One of the problems with so-called “generic” PHP libraries is that they frequently contain dependencies that are either in conflict with an application, or that require a large amount of duplicate code.
This really shows up in database interfaces. If the library needs to manage persistent data, then there’s going to be a database interface. There are a lot of packages out there that aim to ease the challenges of interfacing to various SQL databases. Being a fan of PEAR, I tend to use MDB2. Others use ADODB. Application frameworks such as Joomla provide their own.
These interfaces only address dealing with SQL databases, but that in itself is a little archaic. What about web services, where the specific implementation of the persistent store is hidden?

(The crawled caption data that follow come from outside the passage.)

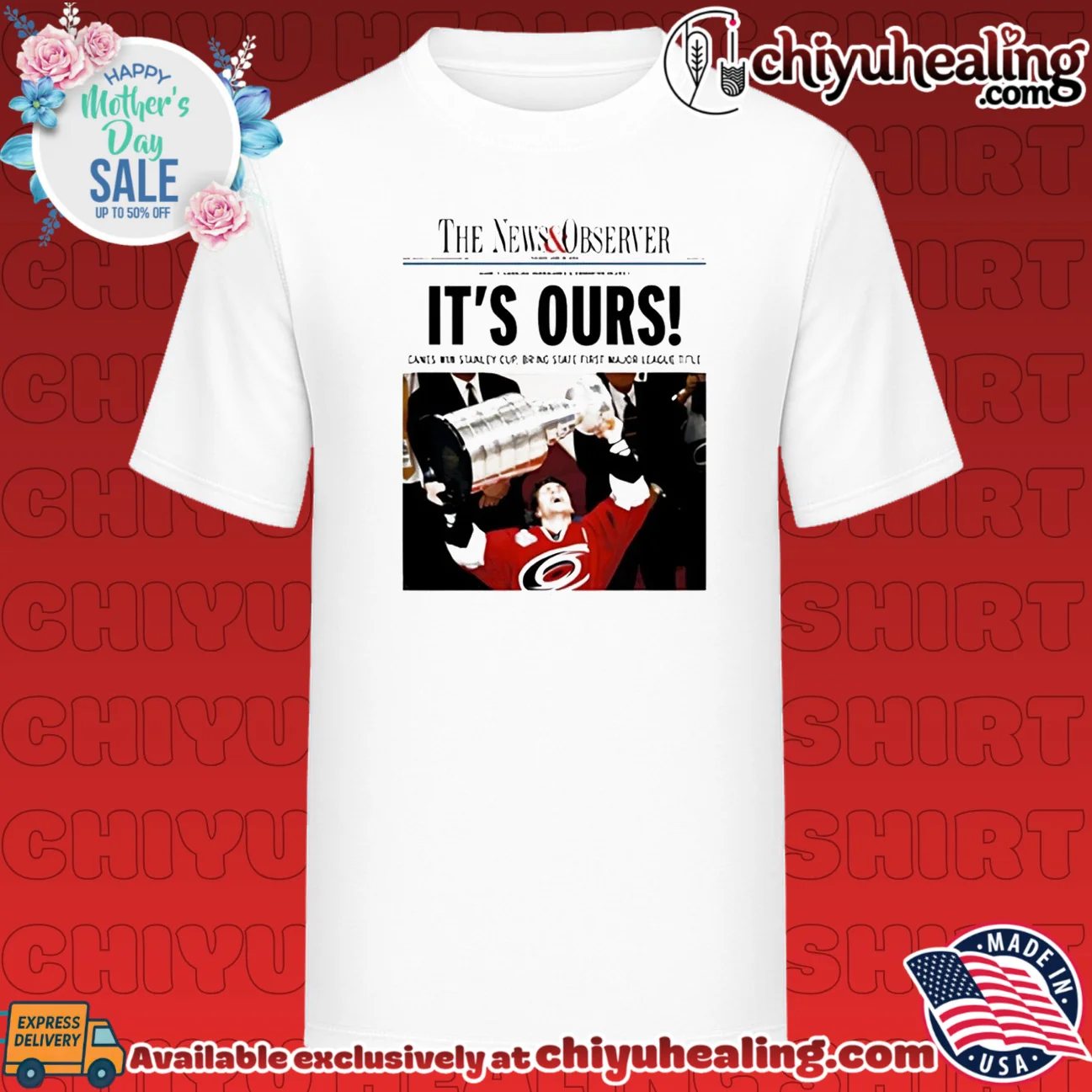 It's Ours Carolina Hurricanes Win Stanley Cup
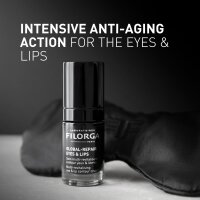 Filorga GLOBAL REPAIR Augen- & Lippenbalsam 15ml, intensive Pflege bei Falten, Feuchtigkeitsmangel, Pigmentflecken, müder Teint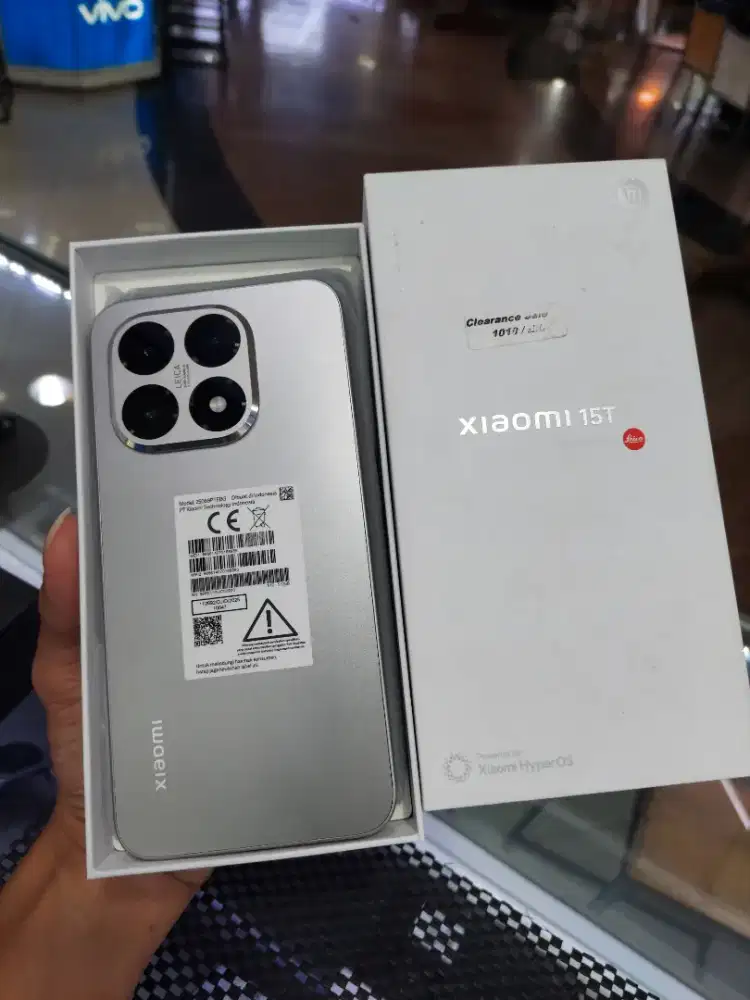 Xiaomi 15t resmi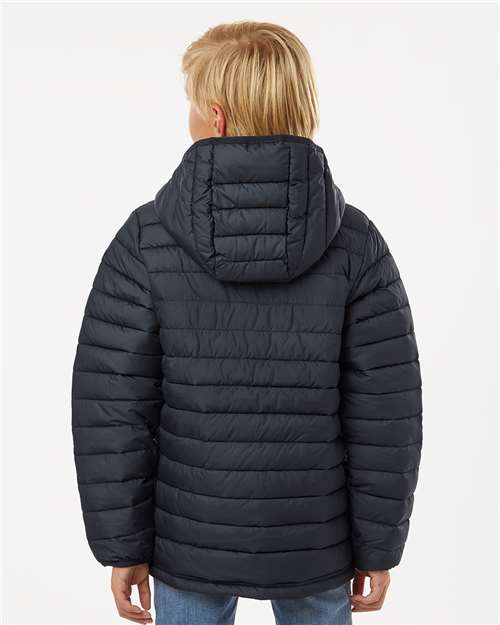 Columbia Youth Powder Lite™ II Hooded Jacket 209002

What about XML based databases using XPATH?
My ACL module attempts to deal with this by completely decoupling the persistent data store from the application. An abstract Data Store class provides methods to create, fetch, and update objects, as well as some specific methods to implement operations that are best implemented with more complex queries, such as one to fetch all permissions related to a set of requesters and assets (in the ACL module a requester is something asking for permission to access an asset).
This means that the core ACL doesn’t have even the slightest hint of SQL in it, and that’s a good thing. There’s something very clean about making the interface to persistent data explicit, clean, and well defined.
Something very interesting happened as a result of organizing things this way. The data store implementation rapidly starts to show similarities with Java Enterprise Beans. There’s little tables that map class properties to database columns, and helper methods that transform the data from the object’s model to the database’s model. This is a little scary, because I’ve seen and heard a wealth of horror stories related to the effort required to configure Enterprise Java applications, and I’m really hesitant to bring those problems into something intended to be quick and easy to implement.
On the other hand, the MDB2 data store wasn’t all that difficult. Next week, after the Joomla bug squashing day, I’ll tackle a data store that’s native to the Joomla framework. I’m pretty sure that will go fairly smoothly. If it does, I’ll have a lot more confidence that the architecture was worth the investment.